= Data under study =
Content starts
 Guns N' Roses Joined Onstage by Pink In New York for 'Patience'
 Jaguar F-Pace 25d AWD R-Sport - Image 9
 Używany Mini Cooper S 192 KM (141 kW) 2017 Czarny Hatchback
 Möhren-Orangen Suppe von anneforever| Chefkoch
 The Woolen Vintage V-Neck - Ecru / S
Content ends
Content starts
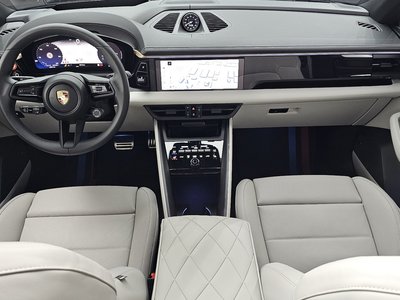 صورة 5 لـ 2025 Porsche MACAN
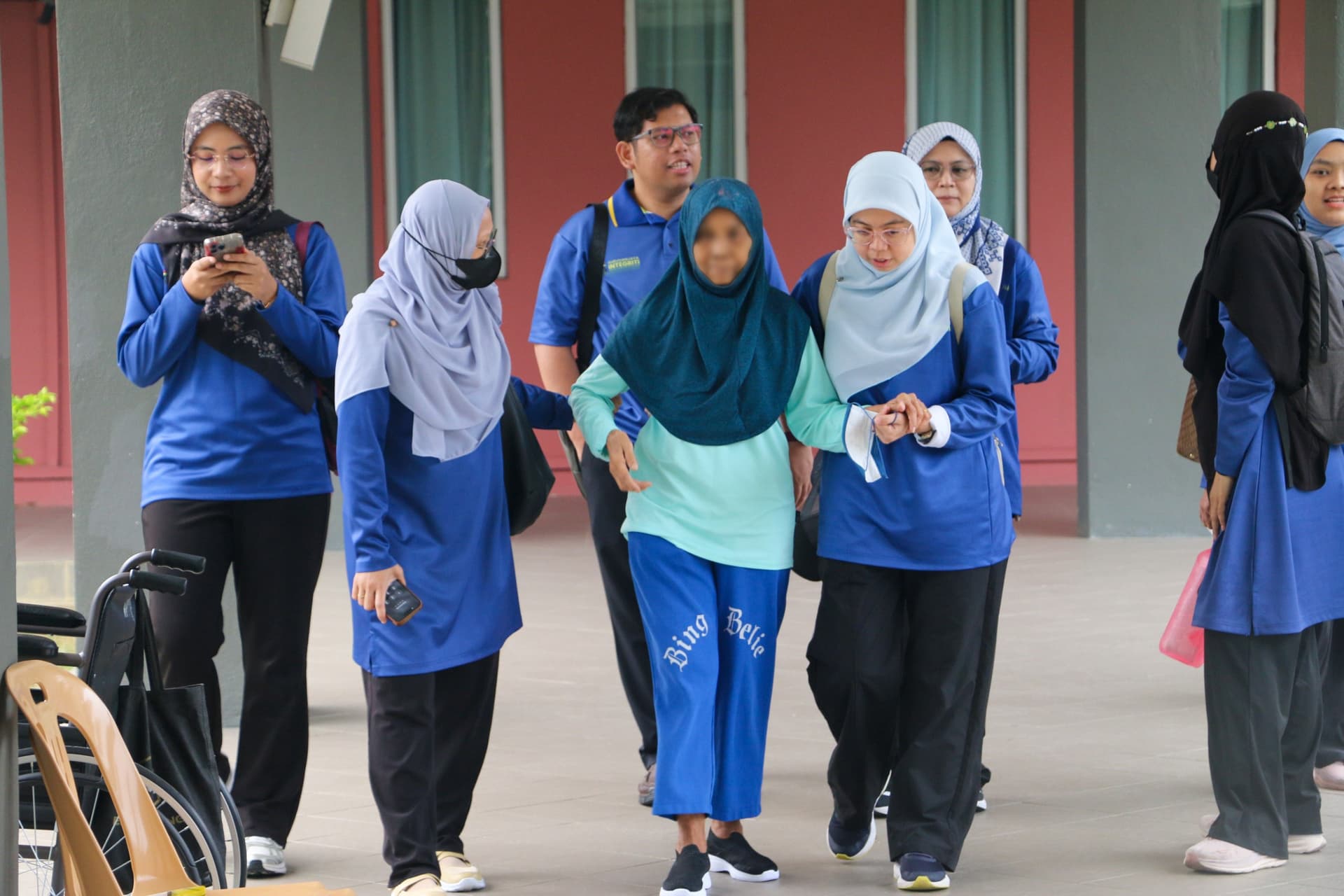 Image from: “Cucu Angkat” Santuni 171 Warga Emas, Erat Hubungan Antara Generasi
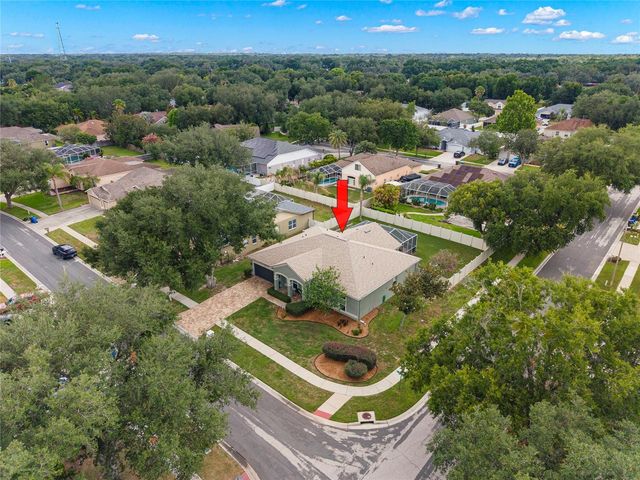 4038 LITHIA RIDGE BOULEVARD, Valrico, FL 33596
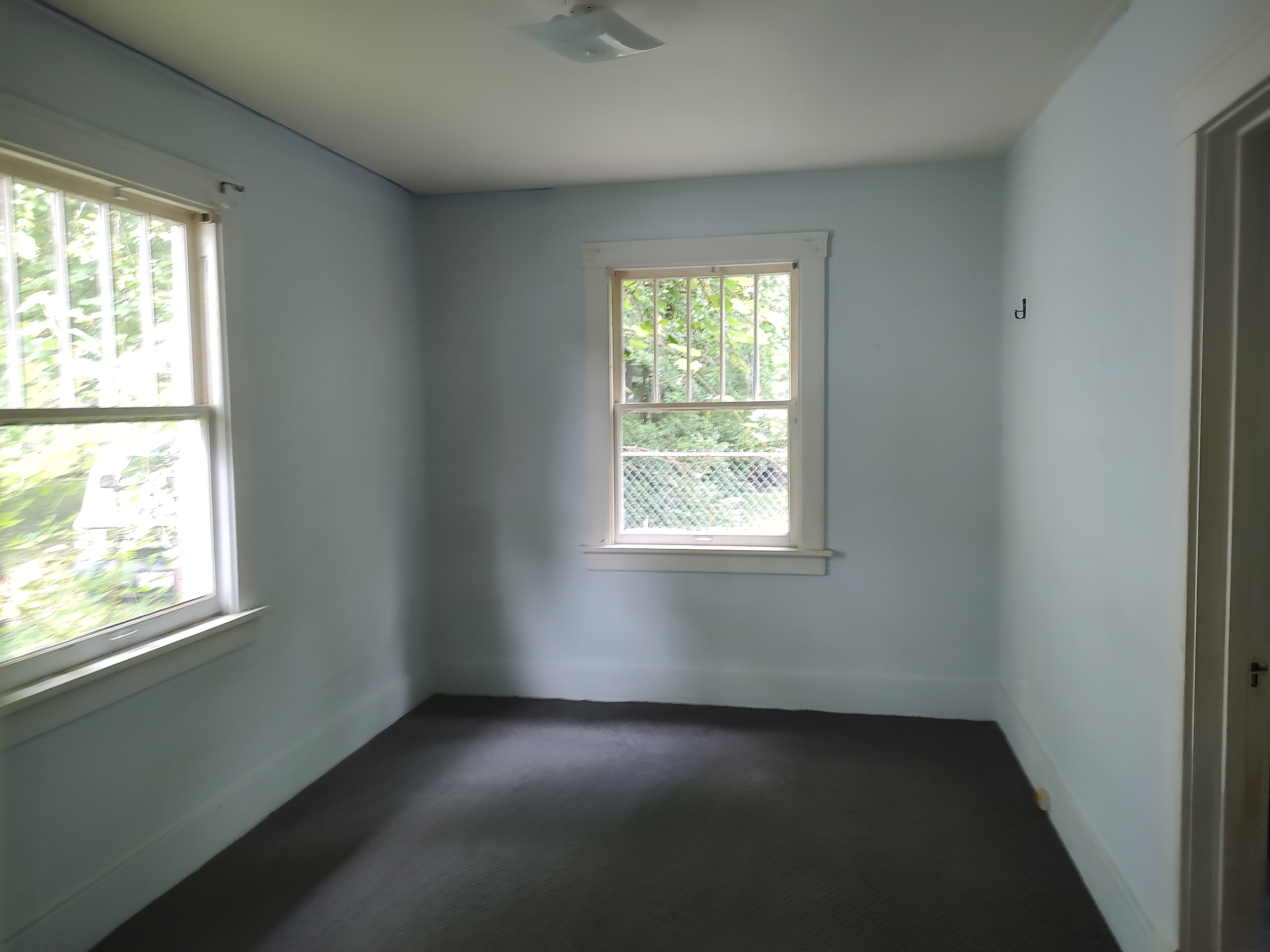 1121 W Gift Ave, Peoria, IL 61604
Content ends
Using the data above, extract exactly the lines from the one that holds "Używany Mini Cooper" to the one that holds "The Woolen Vintage V-Neck - Ecru / S", both ends included, and no others.

= Task answer =
 Używany Mini Cooper S 192 KM (141 kW) 2017 Czarny Hatchback
 Möhren-Orangen Suppe von anneforever| Chefkoch
 The Woolen Vintage V-Neck - Ecru / S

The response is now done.